Friday, June 6, 2008

What is High Variety Manufacturing (HVM)

What is High Variety Manufacturing (HVM)? Why is it important to define it? High-variety manufacturing is more than just a description of manufacturing processes; HVM is a business model that offers significant opportunities, but it also presents significant challenges. In order to take advantage of the opportunities and solve the challenges, it is necessary to recognize what HVM is and how it is reflected in your company.


A potentially bewildering range of acronyms and descriptors are variously used to describe marketing and manufacturing models that have a high degree of variability, variation, and variety:

  • Mass customization
  • BTO, build-to-order
  • CTO, configure-to-order
  • ETO, engineer-to-order
  • ATO, assemble-to-order,
  • HMLV, high-mix low-volume,
  • Job shop
  • Etc.

There is a problem, however, with lack of precision and definition with these terms and a limitation to the extent of a company's value chains that are described by them. I use the term high-variety manufacturing as an umbrella concept to cover all of these marketing and manufacturing models, framed by the critical idea that HVM is a business model that encompasses all of a company's value chains.


HVM is best-defined as a set of characteristics of which a manufacturer may exhibit any one or all.

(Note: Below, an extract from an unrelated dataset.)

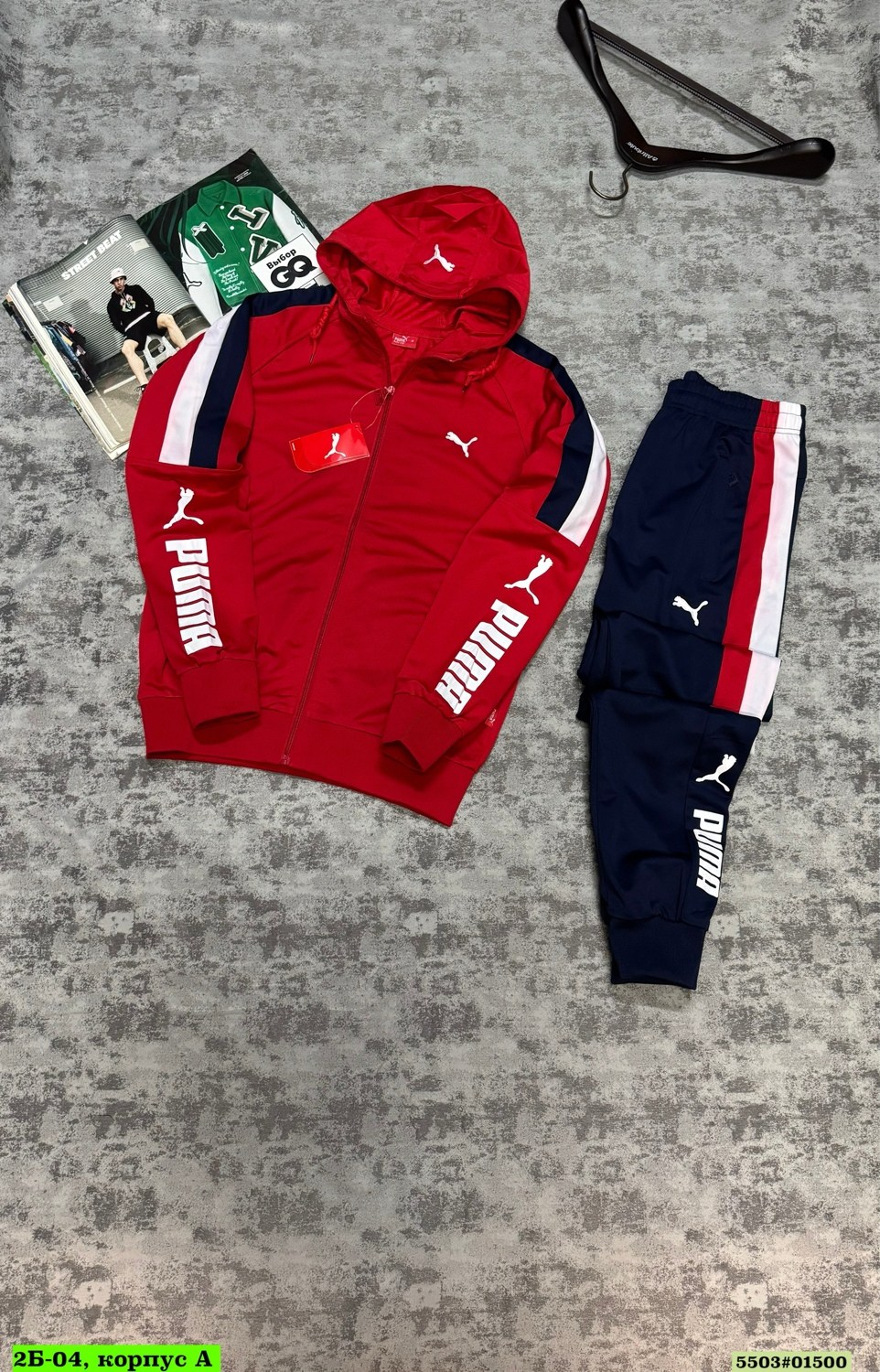 спортивные костюмы,спортивный костюм для мужчин,спортивная куртка,ветровка puma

  • The sales process is complex and includes customer-driven design and configuration decisions.
  • The products are highly configurable and the number of options and the configuration combinations are such that the demands for specific manufacturing routings, tasks, and materials can not be forecasted. The specific product and its manufacturing demands are not known until the order is received.
  • The production value chain includes non-manufacturing activities such as project engineering; unique manufacturing documentation, such as drawings, generation; unique BOM determination; etc.
  • The company's "product" is competencies rather than specific products. Examples are job shops and short-run or low-volume suppliers to OEMs.
  • The company is a pure custom or project-based manufacturer.


So we return to the question of why it is important to define HVM. One of the most critical keys to success for implementation of any type business and process improvement initiative is alignment. That is, at a strategic and tactic level all business activities, from sales and marketing to product development and management to finance to production, are aligned with the business's objectives (and that those business objectives exist, of course). If, for instance, an initiative such as lean manufacturing does not recognize that project engineering and BOM and manufacturing documentation generation are part of the production value chain in HVM, the degree of success for that initiative is diminished.


Self-knowledge of one's business model and process are necessary to "maximize variety (sales) and minimize variation (production)."

2 comments:

Anonymous said...

Hit the nail right on the head! Alignment is an issue that many overlook, but can mean the difference between huge overhead costs vs many many synergy savings.

Anonymous said...

This is a valuable model for most businesses and given the current economy it is more relevant than ever.